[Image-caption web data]
·····

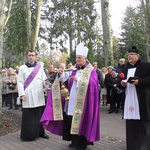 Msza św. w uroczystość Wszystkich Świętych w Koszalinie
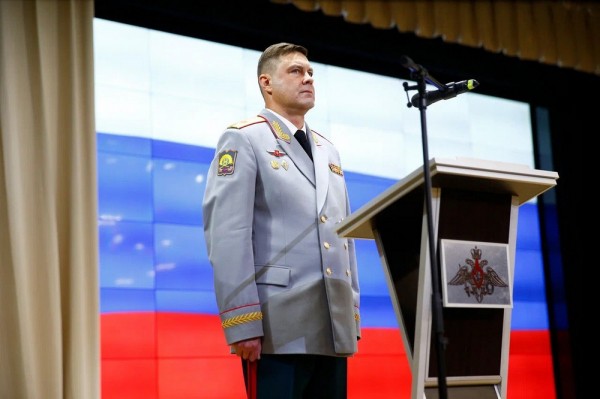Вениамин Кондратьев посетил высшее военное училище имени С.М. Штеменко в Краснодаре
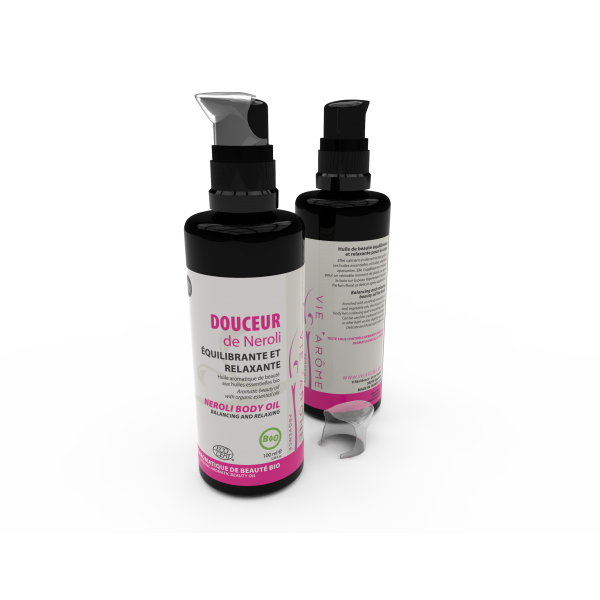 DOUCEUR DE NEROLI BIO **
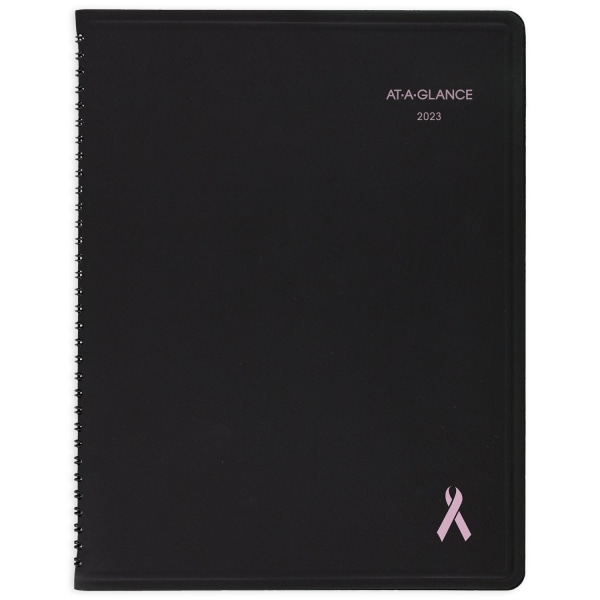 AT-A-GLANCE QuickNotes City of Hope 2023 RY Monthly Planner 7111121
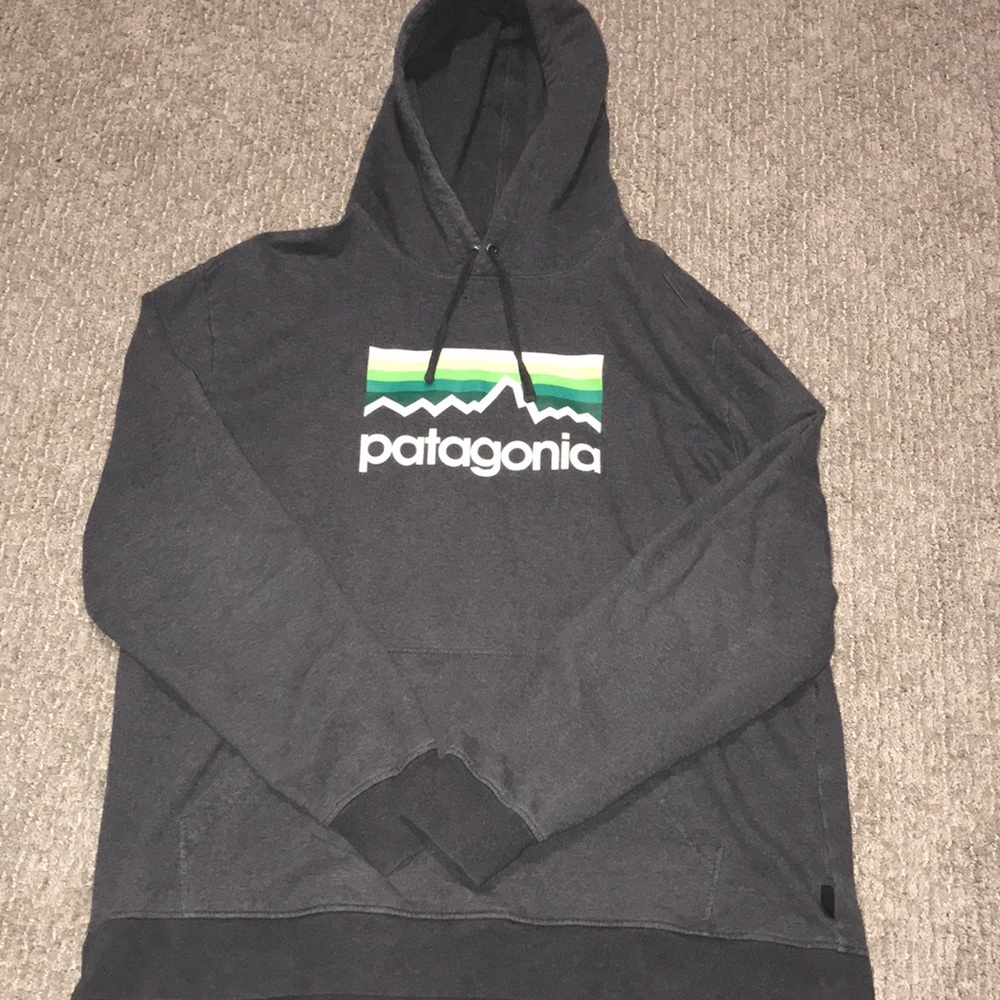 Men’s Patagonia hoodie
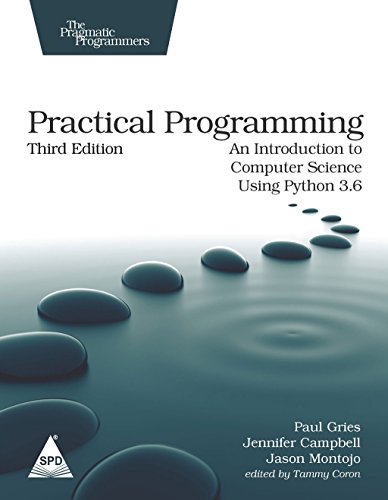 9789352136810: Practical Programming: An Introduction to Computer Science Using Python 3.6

·····

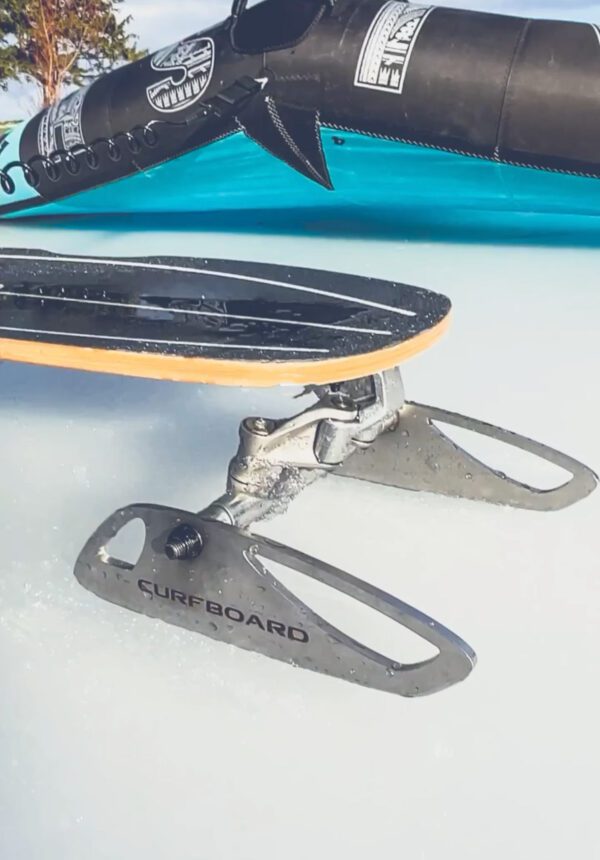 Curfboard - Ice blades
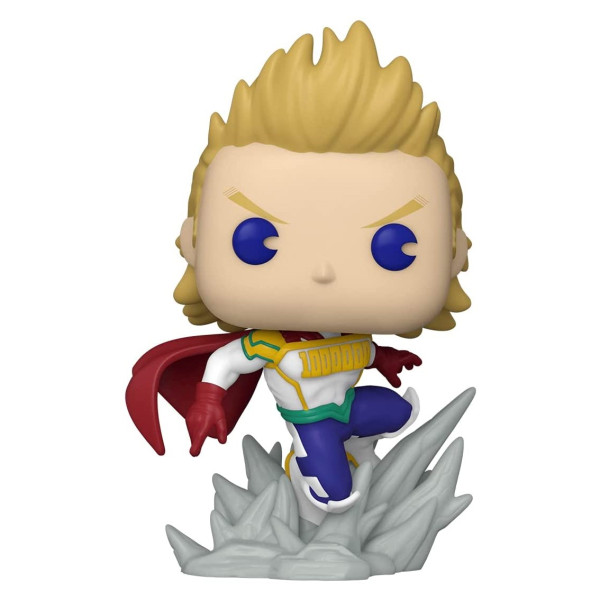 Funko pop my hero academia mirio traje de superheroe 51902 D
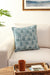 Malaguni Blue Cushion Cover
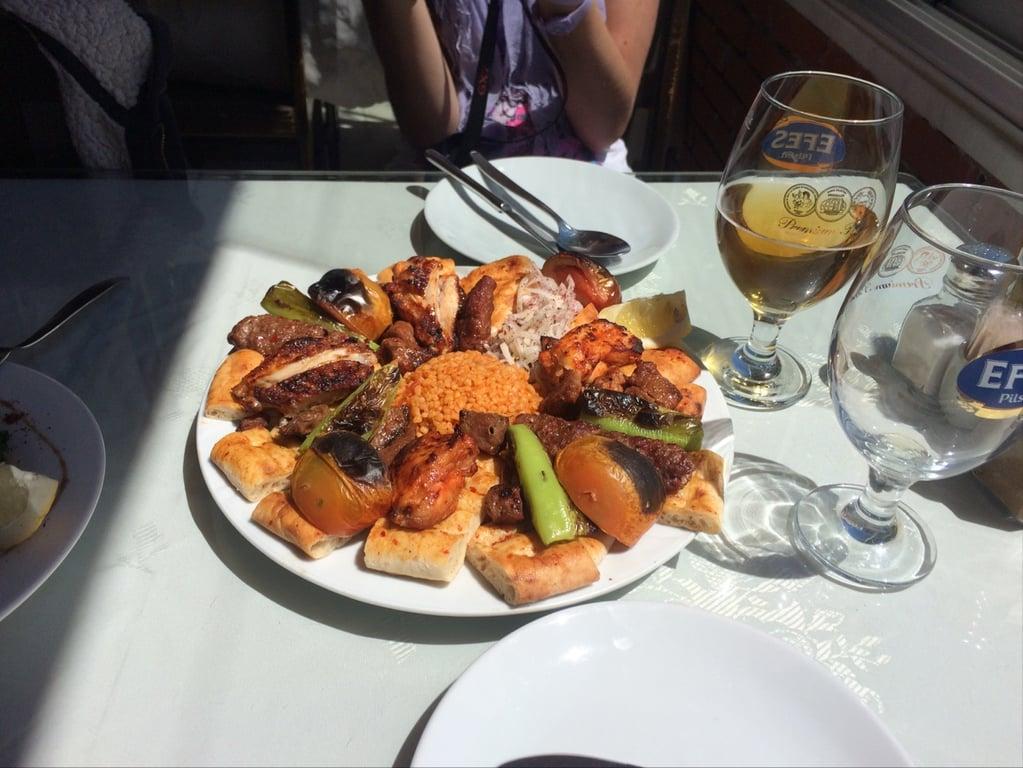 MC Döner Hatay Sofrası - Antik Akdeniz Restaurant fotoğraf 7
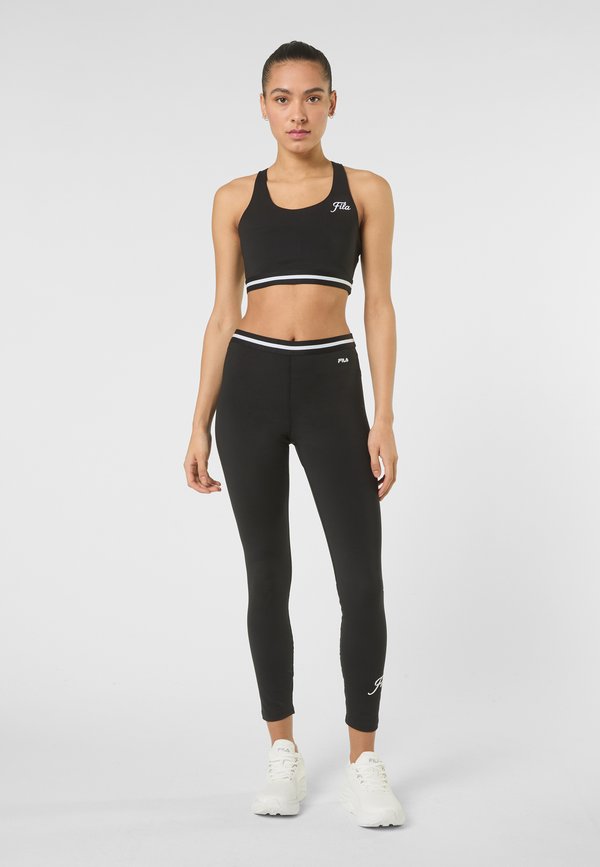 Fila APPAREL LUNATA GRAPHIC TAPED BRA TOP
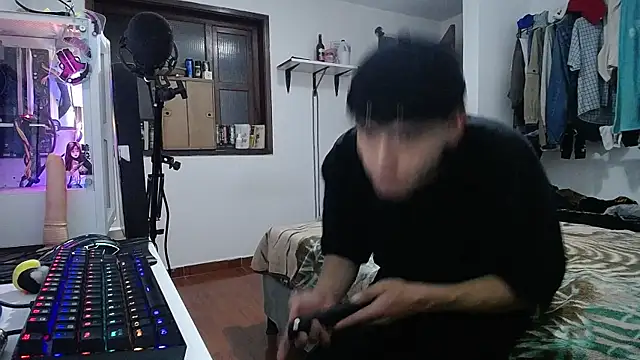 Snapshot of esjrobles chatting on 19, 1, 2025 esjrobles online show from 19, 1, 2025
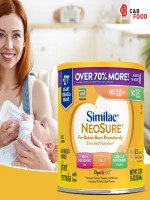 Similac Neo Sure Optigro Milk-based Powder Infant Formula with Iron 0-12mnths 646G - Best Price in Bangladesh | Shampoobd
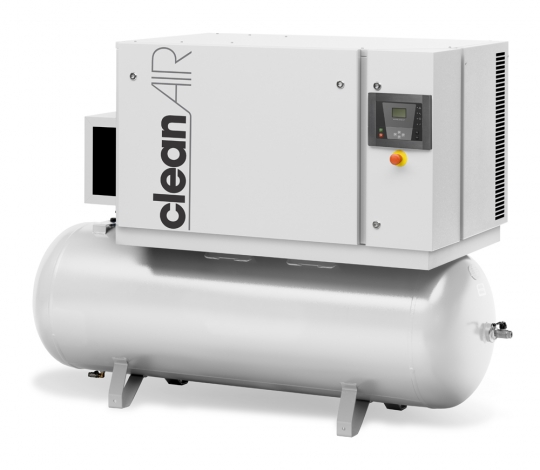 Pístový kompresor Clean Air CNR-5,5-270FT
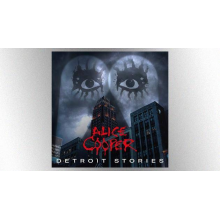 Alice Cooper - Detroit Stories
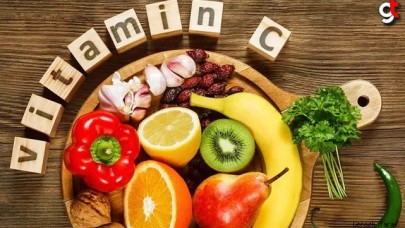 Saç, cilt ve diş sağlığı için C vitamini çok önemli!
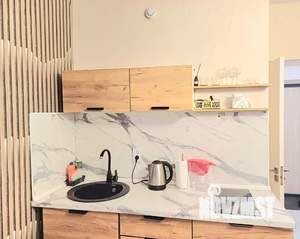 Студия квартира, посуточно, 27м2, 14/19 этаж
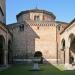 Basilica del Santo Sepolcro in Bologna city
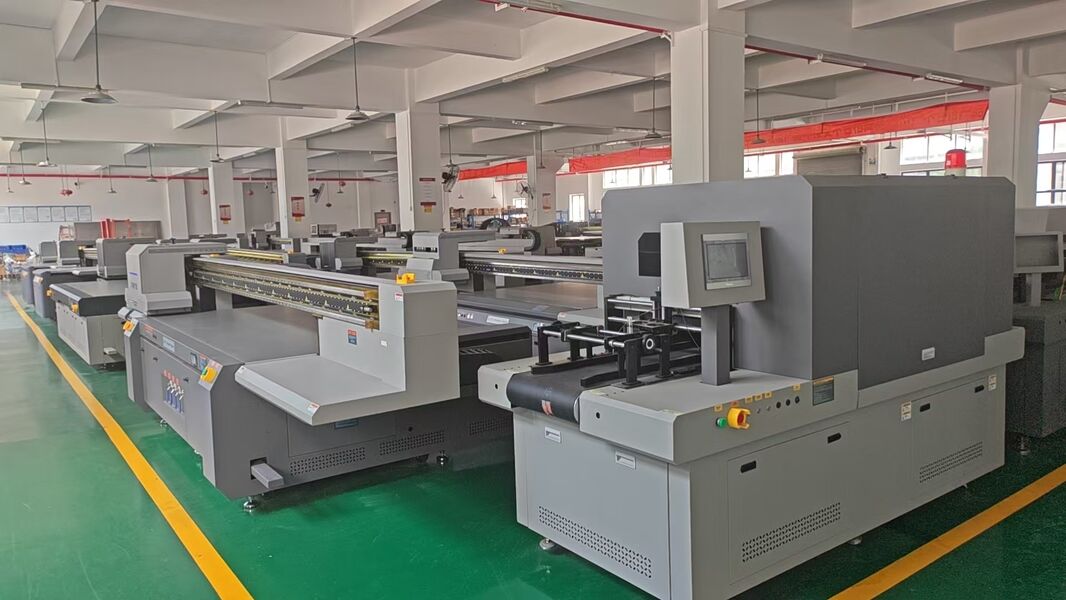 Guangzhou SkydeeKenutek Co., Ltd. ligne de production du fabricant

·····

What you are asked to do: Output exactly the lines above, from the line with "Msza św. w uroczystość" to the line with "9789352136810: Practical Programming: An", both included; skip the pictures.

Output of the exercise:
 Msza św. w uroczystość Wszystkich Świętych w Koszalinie
Вениамин Кондратьев посетил высшее военное училище имени С.М. Штеменко в Краснодаре
 DOUCEUR DE NEROLI BIO **
 AT-A-GLANCE QuickNotes City of Hope 2023 RY Monthly Planner 7111121
 Men’s Patagonia hoodie
 9789352136810: Practical Programming: An Introduction to Computer Science Using Python 3.6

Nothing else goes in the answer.